Deepfakes represent the biggest current threat posed by artificial intelligence (AI) technology in terms of applications for crime or terrorism, according to experts cited in a report published by University College London (UCL).

Funded by UCL’s Dawes Centre for Future Crime, the study identified 20 ways AI could be used to nefarious ends over the next 15 years, asking 31 AI experts to rank them based on their potential for harm, including money they could make, how easy they were to use, and how hard they were to stop.

The experts – who represented AI experts from academia, the private sector, police, government and state security – agreed deepfakes represent the largest threat.

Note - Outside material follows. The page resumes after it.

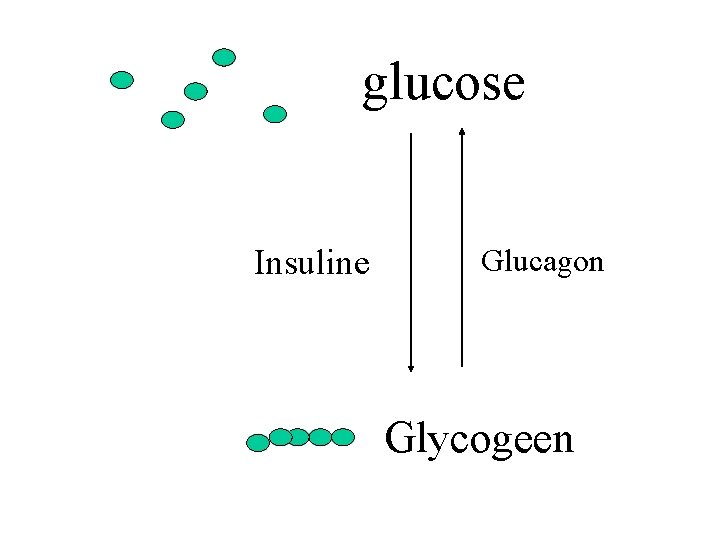 glucose Insuline Glucagon Glycogeen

As deepfake technology continues to advance, specialists said that fake content would become more difficult to identify and stop, and could assist bad actors in a variety of aims, from discrediting a public figure to extracting funds by impersonating a couple’s son or daughter in a video call. 

Such uses could undermine trust in audio and visual evidence, the authors said, which could have great societal harm. Worryingly, both those aforementioned scenarios have played out – or similar versions of them.

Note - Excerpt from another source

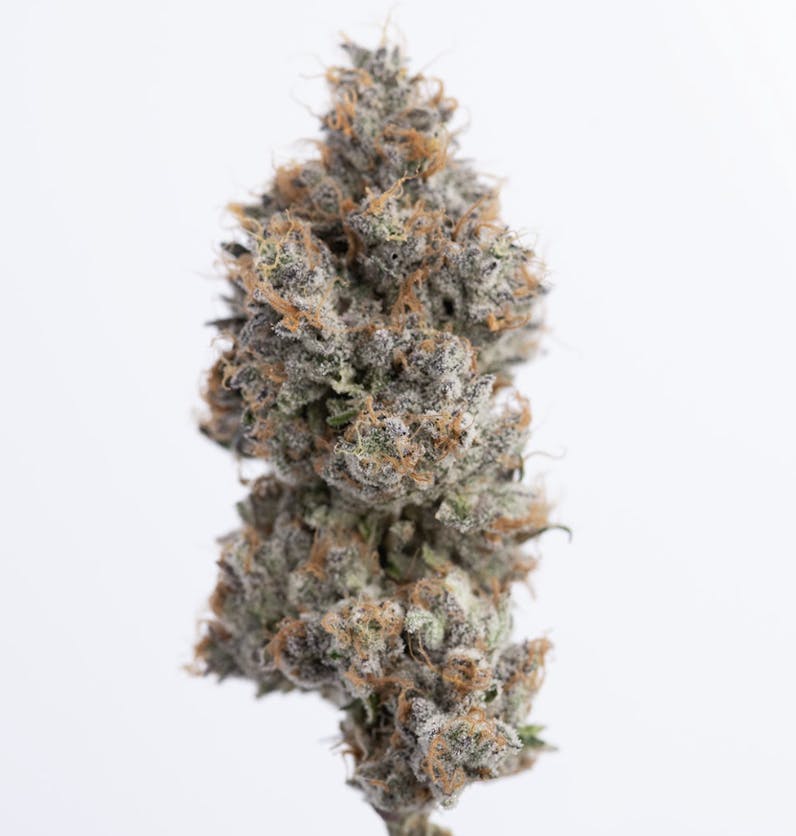 Orange Mamba Big Buds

Last year, the potential power of AI fakery drew mainstream focus, when a deepfake video emerged on Facebook of the platform’s founder Mark Zuckerberg discussing the power of holding “billions of people’s stolen data.”

The same year also saw scammers leveraging AI and voice recording to impersonate a business executive, adding his “slight German accent and other qualities” to successfully request the transfer of hundreds of thousands of dollars of company money to a fraudulent account.

Javvad Malik, Security Awareness Advocate at KnowBe4, told TechHQ: “The use of technology to impersonate a chief executive has some scary implications, especially given the fact that it is not inconceivable that coupled with video, the same attack could be played out as a video-call.”

The rise of deepfakes has been rapid within the last couple of years. A report by Deeptrace in 2019 found that videos had doubled in quantity in year-on-year, with nearly 15,000 uploaded online. The ‘deepfake phenomenon’, the researchers said, could be attributed to an increase in the commodification of tools and services that lower the barrier to non-experts. 

Discussing the results of the latest report, lead author Dr Matthew Caldwell said that with people now spending large parts of their lives online, “online activity can make and break reputations.”

“Such an online environment, where data is property and information power, is ideally suited for exploitation by AI-based criminal activity,” he said.

“Unlike many traditional crimes, crimes in the digital realm can be easily shared, repeated, and even sold, allowing criminal techniques to be marketed and for crime to be provided as a service. This means criminals may be able to outsource the more challenging aspects of their AI-based crime.”

Aside from fake content, five other AI-enabled crimes were judged to be of high concern. These included using driverless vehicles as weapons, helping to craft more tailored phishing messages (spear phishing), disrupting AI-controlled systems, harvesting online information for the purposes of large-scale blackmail, and AI-authored fake news.

Other crimes of lesser concern included the sale of items and services falsely labelled as ‘AI’, including in cybersecurity and advertising, which could help drive profits.

Those of lowest concern included ‘burglar bots’ – small robots used to gain entry into properties through access points such as letterboxes or cat flaps – which were judged to be easy to defeat, for instance through letterbox cages, and AI-assisted stalking, which, although extremely damaging to individuals, could not operate at scale.